*This article was written for the old TFRI blog by Dr. Jason Berman.
My name is Dr. Jason Berman and I am an investigator on two TFRI-funded projects: I am a member of the executive for Terry Fox PROFYLE (Precision Oncology For Young peopLE) and a part of the Li-Fraumeni Syndrome (LFS) Program Project Grant team.
For the past 11 years, I have overseen a unique zebrafish research program housed at the IWK Health Centre/Dalhousie University in Halifax, Nova Scotia. Our current Zebrafish Core Facility is one of the largest of its kind in Canada and on par with the largest facilities in North America. We have the capacity to hold about 60,000 to 65,000 adult zebrafish, and right now we have about 20,000 to 25,000 fish in the system, which includes 80 different genetic varieties of zebrafish.

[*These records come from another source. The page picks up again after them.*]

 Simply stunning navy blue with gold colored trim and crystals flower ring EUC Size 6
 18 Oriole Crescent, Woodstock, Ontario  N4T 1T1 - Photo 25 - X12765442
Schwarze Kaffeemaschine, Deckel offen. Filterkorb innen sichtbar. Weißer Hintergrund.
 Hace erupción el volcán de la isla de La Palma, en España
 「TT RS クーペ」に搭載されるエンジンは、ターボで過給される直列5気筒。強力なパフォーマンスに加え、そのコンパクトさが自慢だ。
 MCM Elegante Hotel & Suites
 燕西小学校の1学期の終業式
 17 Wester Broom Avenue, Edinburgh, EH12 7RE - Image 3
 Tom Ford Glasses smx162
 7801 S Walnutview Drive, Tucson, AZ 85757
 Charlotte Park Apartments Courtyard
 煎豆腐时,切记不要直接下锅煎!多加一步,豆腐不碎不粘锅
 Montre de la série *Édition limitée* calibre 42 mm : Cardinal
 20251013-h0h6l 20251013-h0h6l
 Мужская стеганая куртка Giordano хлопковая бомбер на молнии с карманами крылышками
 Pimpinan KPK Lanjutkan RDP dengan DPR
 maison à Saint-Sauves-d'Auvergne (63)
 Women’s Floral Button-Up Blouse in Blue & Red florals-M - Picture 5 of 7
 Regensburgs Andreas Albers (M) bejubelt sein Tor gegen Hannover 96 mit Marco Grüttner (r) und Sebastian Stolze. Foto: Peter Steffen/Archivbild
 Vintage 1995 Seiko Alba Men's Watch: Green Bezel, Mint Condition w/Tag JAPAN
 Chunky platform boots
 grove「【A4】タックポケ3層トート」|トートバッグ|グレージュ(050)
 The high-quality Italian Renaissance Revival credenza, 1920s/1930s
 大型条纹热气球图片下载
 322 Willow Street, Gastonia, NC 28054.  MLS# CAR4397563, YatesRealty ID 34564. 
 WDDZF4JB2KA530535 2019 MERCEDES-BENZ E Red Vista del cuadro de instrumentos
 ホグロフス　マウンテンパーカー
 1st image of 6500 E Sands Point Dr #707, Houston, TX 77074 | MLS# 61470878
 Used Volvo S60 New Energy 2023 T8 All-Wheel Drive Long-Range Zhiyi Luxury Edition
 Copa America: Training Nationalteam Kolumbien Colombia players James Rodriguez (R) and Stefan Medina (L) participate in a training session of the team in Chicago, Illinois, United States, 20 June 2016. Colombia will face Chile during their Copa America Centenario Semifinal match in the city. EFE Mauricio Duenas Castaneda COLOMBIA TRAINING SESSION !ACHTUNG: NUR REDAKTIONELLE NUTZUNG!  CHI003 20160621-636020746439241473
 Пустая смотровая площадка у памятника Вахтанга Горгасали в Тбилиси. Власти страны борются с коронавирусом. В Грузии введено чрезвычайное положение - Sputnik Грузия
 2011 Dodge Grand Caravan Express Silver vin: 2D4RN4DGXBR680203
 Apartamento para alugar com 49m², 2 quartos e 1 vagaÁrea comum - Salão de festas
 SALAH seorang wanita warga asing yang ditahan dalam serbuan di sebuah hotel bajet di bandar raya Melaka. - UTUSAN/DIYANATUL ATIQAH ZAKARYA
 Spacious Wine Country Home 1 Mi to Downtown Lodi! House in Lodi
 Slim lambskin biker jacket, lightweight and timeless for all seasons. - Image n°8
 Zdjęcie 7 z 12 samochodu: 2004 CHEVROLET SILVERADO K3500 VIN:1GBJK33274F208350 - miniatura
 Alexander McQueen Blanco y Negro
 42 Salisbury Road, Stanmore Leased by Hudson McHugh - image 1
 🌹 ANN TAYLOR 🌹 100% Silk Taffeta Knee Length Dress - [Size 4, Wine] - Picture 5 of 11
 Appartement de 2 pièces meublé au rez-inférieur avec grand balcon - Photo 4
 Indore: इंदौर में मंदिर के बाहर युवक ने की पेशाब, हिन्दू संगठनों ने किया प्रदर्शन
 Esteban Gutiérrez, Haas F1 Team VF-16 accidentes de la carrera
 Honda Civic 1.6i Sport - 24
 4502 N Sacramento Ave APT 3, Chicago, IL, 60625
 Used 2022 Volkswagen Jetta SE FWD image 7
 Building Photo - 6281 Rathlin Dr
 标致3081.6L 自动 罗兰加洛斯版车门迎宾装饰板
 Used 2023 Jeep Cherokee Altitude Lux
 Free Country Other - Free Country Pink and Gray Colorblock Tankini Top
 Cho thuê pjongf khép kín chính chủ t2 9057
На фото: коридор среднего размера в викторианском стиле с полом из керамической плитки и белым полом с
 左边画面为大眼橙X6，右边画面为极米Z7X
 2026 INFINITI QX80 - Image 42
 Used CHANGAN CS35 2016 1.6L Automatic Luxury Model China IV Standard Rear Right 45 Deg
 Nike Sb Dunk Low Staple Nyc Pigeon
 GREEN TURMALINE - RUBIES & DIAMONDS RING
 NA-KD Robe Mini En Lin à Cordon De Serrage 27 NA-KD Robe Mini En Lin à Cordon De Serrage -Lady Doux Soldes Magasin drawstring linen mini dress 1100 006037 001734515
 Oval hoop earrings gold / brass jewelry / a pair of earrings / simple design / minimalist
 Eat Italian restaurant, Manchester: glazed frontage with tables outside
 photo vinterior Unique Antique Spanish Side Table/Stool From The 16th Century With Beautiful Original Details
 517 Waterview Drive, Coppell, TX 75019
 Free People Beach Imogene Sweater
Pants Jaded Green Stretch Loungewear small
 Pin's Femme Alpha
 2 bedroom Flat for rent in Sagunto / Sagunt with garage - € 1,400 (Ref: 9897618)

The zebrafish is a very useful model for studying genetic diseases, both inherited germline genetic diseases like Li-Fraumeni Syndrome(LFS), as well as acquired genetic abnormalities and somatic mutations like what occurs in cancers. There is a high level of genetic conservation between zebrafish and humans. About 75 to 80 per cent of genes are conserved at the protein level, which means that abnormalities that occur in humans can be mimicked in the zebrafish, which allows it to be a reproducible and reliable animal model. We have lots of tools to be able to manipulate the genes in zebrafish because the embryos are fertilized outside the fish and they are transparent. So we can easily see visual changes that occur because of these genetic manipulations, which makes the fish a fairly versatile, inexpensive, and useful tool to validate some of the genetic findings made by the LFS project's Toronto arm. In this project, we know that these patients have germline mutations in the p53 gene, a tumour suppressor gene, which makes these patients really akin to ticking time bombs. But it’s hard to predict what tumour they will develop when. If we understood what specific genetic abnormalities led to those problems, and what other pathways were activated, it would provide us with an ability to identify new drugs that we could use in that context. A system called CRISPR/cas9 allows us to precisely manipulate and introduce specific mutations into the zebrafish genome, which we couldn’t really do before, and using that approach we’re now introducing the most common p53 mutations found in Li-Fraumeni Syndrome into the zebrafish.
I think the other TFRI projects would be surprised at how conserved all these genes and proteins are in the fish, as well as how we can use these fish to look at drug responses just by adding the drug to the water. Further, drugs are metabolized in zebrafish the same way they are in humans, and we can also look at side effects. It really creates a whole platform to be able to do pre-clinical drug discovery in the fish. Doing this work with the support of TFRI highlights the capacity of the zebrafish system as a pre-clinical tool in cancer biology.
We’re really the only lab in Canada that uses the zebrafish to study cancer, and so by partnering with TFRI, and as part of the larger projects, it creates a highly collaborative, synergistic model. We want to help serve as a Canadian resource to help answer some of the critical questions in cancer research. It has really been instrumental to have TFRI support, and it is tremendously exciting to be part of these teams. There’s a lot of experimentation we can do alone with the zebrafish, but being a part of these teams is that much more rewarding.